§ **Brief**: Write the full listing out again, word for word, but omit the pictures.
--- Source material Enclosed Below ---
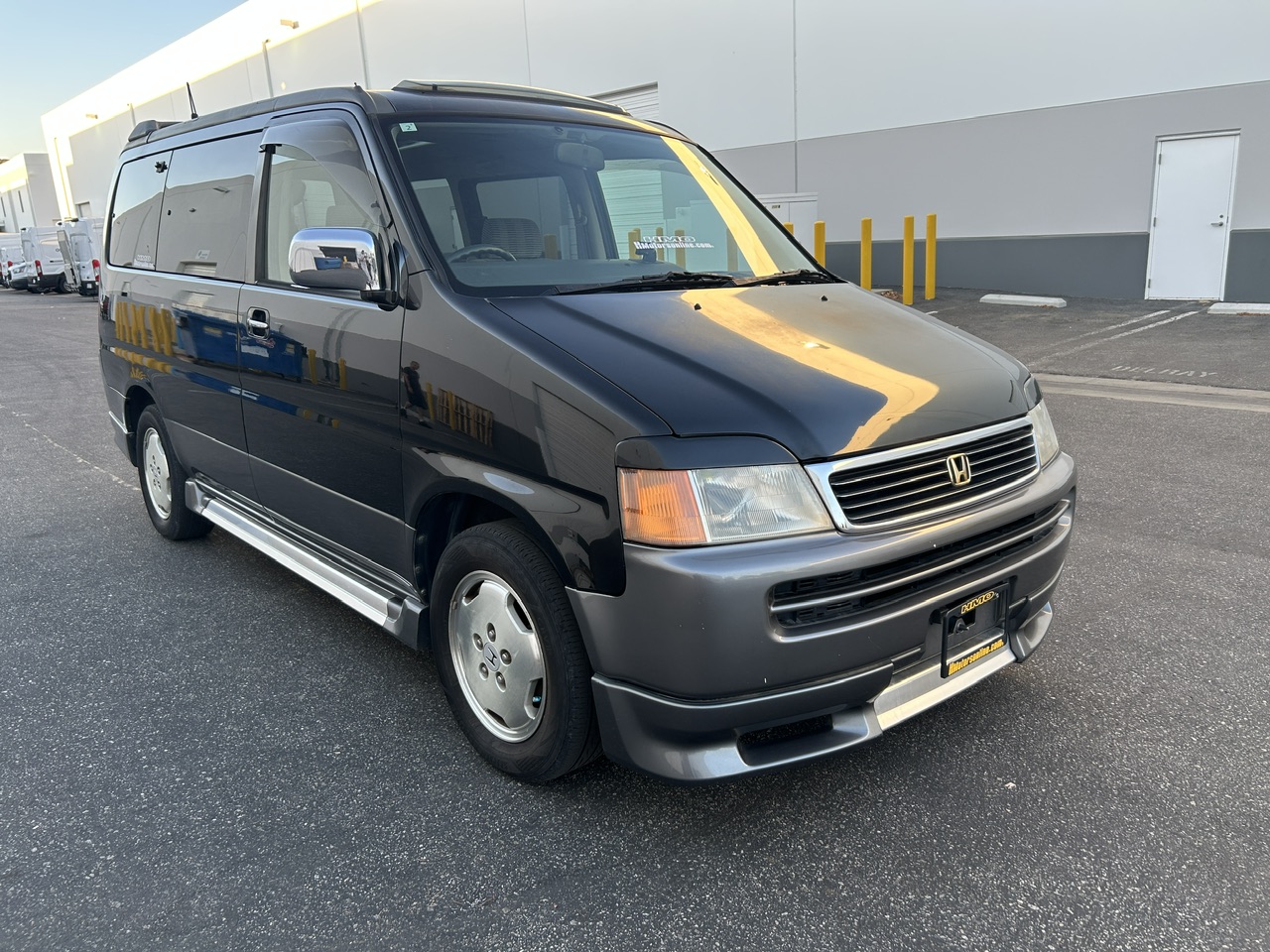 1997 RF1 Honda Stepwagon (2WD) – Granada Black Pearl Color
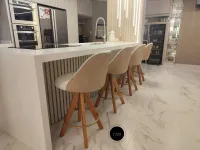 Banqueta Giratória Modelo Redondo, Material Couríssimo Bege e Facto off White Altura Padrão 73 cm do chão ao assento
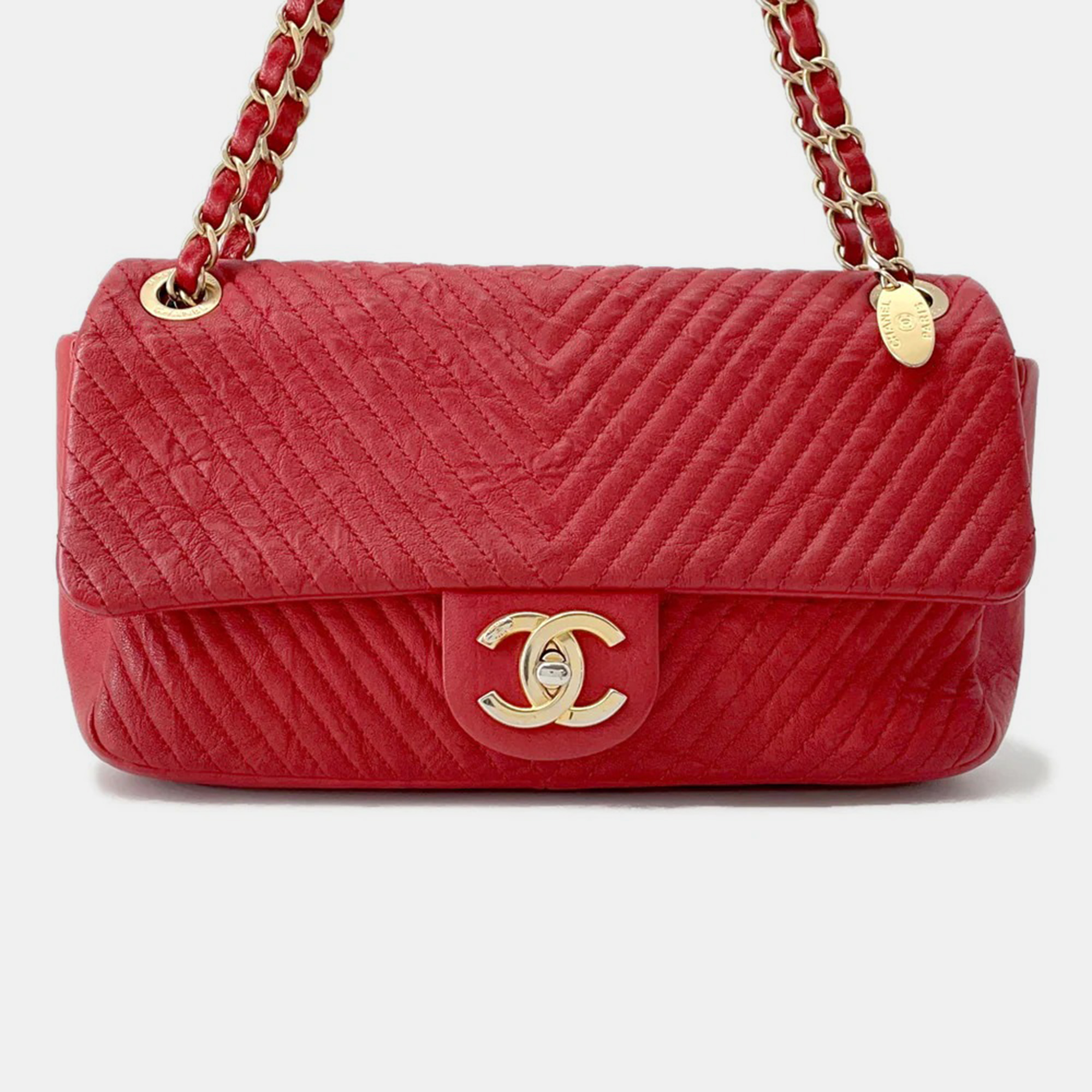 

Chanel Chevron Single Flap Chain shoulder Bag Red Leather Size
--- End of Enclosed Source material ---
§ **Completed task**:
 1997 RF1 Honda Stepwagon (2WD) – Granada Black Pearl Color
 Banqueta Giratória Modelo Redondo, Material Couríssimo Bege e Facto off White Altura Padrão 73 cm do chão ao assento

Chanel Chevron Single Flap Chain shoulder Bag Red Leather Size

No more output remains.